[Stored data]
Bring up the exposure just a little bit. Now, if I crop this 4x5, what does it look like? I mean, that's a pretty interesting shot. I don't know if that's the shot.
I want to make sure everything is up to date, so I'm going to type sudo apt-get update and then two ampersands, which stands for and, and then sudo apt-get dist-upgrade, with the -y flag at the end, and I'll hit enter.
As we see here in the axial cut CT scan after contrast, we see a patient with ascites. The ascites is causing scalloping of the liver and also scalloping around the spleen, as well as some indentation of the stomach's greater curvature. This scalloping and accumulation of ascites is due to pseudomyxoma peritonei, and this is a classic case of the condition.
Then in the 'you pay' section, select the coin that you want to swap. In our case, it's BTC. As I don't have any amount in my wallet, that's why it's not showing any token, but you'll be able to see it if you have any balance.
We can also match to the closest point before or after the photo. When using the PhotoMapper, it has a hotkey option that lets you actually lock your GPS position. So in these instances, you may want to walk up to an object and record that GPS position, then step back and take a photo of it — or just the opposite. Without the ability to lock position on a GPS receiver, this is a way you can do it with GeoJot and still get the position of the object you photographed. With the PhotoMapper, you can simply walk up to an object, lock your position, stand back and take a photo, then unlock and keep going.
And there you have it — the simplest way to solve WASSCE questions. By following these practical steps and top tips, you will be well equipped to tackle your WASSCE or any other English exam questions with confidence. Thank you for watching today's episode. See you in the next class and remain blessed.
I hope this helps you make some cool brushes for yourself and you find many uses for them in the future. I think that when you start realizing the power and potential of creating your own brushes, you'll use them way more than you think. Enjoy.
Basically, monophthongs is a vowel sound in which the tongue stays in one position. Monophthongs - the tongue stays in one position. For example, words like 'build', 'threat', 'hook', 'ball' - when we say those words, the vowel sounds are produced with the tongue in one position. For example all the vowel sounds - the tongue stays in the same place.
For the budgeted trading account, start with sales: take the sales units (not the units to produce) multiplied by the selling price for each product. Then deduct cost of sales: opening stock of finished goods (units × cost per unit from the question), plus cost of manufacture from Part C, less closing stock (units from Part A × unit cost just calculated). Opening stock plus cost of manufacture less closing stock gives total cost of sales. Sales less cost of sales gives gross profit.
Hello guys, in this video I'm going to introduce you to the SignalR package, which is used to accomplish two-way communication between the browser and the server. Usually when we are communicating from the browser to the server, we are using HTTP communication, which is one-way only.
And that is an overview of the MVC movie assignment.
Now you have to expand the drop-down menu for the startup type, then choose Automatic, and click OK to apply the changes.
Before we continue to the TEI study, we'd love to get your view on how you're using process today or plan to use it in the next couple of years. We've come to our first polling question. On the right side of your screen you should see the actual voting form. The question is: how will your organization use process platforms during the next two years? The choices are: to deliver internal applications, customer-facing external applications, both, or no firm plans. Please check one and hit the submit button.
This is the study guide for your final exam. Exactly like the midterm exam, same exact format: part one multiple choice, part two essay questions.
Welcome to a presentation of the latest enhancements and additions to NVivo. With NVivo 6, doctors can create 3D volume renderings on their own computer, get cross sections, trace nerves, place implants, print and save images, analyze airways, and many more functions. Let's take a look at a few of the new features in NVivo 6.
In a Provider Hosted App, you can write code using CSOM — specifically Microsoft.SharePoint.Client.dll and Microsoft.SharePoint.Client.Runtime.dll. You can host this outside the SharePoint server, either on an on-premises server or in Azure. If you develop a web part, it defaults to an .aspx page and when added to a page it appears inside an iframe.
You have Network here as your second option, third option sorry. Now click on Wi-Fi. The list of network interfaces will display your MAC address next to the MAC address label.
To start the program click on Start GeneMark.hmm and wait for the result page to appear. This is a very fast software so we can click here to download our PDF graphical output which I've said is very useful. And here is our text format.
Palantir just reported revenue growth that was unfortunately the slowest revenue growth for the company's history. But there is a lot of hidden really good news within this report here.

## WORK TASK
Looking back over the data above, restate word for word the lines that begin at the line with "In a Provider" and end at the line with "You have Network", inclusive.

## ANSWER FOR THIS EXERCISE
In a Provider Hosted App, you can write code using CSOM — specifically Microsoft.SharePoint.Client.dll and Microsoft.SharePoint.Client.Runtime.dll. You can host this outside the SharePoint server, either on an on-premises server or in Azure. If you develop a web part, it defaults to an .aspx page and when added to a page it appears inside an iframe.
You have Network here as your second option, third option sorry. Now click on Wi-Fi. The list of network interfaces will display your MAC address next to the MAC address label.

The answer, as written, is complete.